Work to be completed: Find all the lines in the entries below that hold the word "Instagram" and copy them.

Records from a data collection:

Segment Open

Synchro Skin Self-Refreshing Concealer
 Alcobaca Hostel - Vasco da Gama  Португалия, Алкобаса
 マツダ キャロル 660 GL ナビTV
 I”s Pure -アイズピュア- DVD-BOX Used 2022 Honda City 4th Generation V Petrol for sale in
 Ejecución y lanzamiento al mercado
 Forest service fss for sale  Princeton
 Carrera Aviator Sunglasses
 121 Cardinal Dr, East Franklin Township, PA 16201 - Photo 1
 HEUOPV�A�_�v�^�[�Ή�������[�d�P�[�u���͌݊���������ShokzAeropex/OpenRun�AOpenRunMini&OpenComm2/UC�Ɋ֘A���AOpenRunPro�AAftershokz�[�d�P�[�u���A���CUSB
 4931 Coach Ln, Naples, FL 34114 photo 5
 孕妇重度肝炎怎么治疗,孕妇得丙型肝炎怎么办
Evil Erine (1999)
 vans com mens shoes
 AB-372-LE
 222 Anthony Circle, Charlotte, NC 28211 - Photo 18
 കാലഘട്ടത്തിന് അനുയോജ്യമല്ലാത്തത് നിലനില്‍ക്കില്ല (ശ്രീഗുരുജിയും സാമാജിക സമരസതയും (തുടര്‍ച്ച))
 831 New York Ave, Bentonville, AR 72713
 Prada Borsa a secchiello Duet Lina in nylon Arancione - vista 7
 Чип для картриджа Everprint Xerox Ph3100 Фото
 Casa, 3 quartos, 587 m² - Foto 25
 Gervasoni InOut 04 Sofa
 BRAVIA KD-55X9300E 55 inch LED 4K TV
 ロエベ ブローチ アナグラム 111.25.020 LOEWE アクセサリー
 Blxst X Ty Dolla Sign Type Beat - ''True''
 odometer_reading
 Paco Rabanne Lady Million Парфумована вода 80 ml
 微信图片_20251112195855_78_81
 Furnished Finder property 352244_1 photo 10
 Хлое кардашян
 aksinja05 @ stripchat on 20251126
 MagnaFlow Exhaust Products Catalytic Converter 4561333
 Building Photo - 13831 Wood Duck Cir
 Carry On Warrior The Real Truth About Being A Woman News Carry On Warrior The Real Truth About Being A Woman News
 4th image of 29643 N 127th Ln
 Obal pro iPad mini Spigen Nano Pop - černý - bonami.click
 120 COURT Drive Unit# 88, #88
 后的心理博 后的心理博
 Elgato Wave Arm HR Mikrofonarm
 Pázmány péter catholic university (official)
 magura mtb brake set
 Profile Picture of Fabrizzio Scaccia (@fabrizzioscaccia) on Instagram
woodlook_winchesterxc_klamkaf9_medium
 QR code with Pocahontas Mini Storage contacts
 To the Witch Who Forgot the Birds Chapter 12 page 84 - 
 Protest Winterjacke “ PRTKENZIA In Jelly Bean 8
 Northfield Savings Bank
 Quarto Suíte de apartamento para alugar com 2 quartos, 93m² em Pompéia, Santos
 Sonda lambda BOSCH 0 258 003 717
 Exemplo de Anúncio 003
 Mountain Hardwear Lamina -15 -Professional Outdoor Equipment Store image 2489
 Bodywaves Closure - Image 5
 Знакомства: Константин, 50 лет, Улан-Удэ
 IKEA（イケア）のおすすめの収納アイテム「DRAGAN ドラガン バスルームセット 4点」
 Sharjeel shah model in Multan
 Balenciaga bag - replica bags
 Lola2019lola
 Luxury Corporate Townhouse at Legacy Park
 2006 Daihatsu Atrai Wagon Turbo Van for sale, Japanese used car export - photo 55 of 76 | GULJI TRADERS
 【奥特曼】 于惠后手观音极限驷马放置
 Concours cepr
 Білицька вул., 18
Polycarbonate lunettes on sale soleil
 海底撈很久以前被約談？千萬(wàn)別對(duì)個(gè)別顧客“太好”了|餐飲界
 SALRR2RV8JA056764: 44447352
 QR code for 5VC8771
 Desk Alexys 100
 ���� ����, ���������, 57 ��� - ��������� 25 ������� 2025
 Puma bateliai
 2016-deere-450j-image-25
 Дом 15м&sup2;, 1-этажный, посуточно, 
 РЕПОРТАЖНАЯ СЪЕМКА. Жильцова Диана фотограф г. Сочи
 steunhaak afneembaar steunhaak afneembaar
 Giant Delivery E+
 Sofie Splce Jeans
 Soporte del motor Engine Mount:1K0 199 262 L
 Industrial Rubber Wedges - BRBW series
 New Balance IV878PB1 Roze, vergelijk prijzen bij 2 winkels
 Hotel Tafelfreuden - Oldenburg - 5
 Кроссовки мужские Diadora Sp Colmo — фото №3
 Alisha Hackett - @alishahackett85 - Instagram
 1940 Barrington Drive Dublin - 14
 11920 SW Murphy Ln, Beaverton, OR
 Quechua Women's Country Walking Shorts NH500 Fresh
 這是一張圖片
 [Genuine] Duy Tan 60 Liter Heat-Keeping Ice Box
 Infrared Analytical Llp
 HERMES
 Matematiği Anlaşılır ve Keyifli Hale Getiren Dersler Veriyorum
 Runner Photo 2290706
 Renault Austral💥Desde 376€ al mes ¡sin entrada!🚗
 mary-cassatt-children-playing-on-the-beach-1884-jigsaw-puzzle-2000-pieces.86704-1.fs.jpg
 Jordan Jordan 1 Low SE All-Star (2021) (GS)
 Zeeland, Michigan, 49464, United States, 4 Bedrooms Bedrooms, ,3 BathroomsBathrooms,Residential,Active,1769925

Segment Closed

Result:
 Profile Picture of Fabrizzio Scaccia (@fabrizzioscaccia) on Instagram
 Alisha Hackett - @alishahackett85 - Instagram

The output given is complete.